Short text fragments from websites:
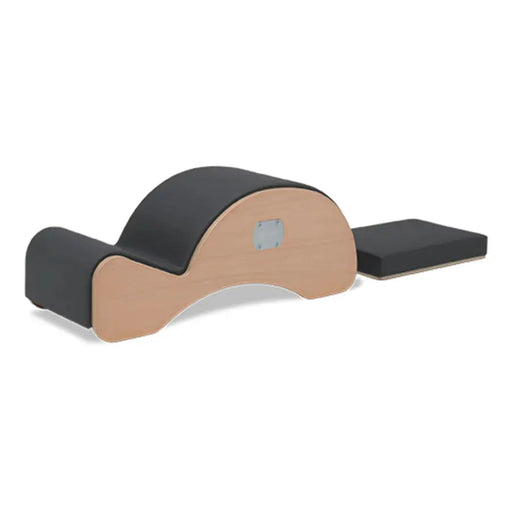 BASI Systems Spine Corrector - side view showing barrel shape and padding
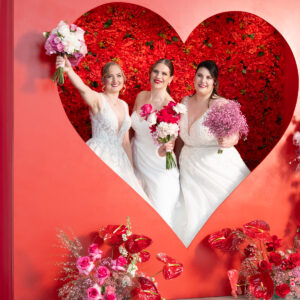 Bräute in der Fotospot Herz-Wall. Rote Flowerwall mit riesigem Herz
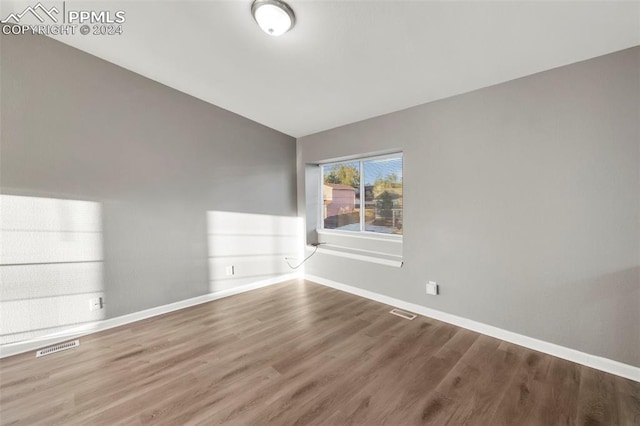 spare room with hardwood / wood-style flooring and vaulted ceiling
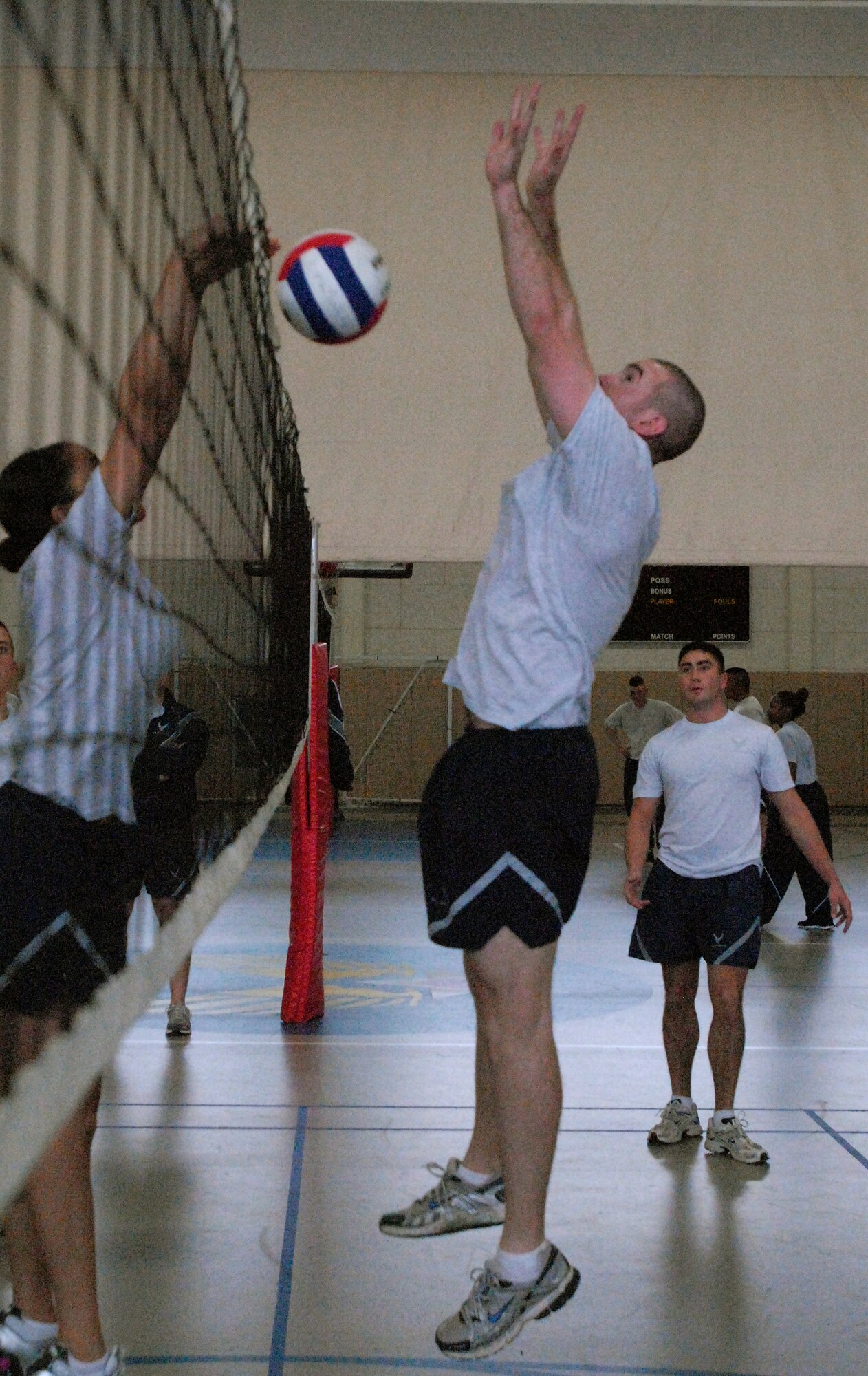 2nd Lt. Alexander Roman, 315th Training Squadron, attempts to block the ball during a volleyball match as part of the 17th Training Wing Sports Day on Feb. 12 Goodfellow AFB, Texas took the day to hold multiple sporting events, including volleyball, tennis, and  dodge ball, with each unit competing for commander’s cup points.  (U.S. Air Force photo/Master Sgt. Randy Mallard)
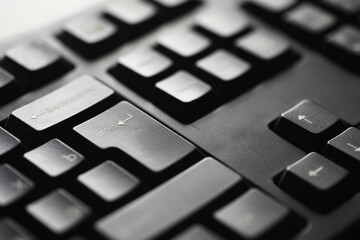 Close-up of Black Computer Keyboard with Focus on Enter Key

Problem to solve: Please write out every record above exactly, but leave the pictures out.

Response to the task:
 BASI Systems Spine Corrector - side view showing barrel shape and padding
 Bräute in der Fotospot Herz-Wall. Rote Flowerwall mit riesigem Herz
 spare room with hardwood / wood-style flooring and vaulted ceiling
 2nd Lt. Alexander Roman, 315th Training Squadron, attempts to block the ball during a volleyball match as part of the 17th Training Wing Sports Day on Feb. 12 Goodfellow AFB, Texas took the day to hold multiple sporting events, including volleyball, tennis, and  dodge ball, with each unit competing for commander’s cup points.  (U.S. Air Force photo/Master Sgt. Randy Mallard)
 Close-up of Black Computer Keyboard with Focus on Enter Key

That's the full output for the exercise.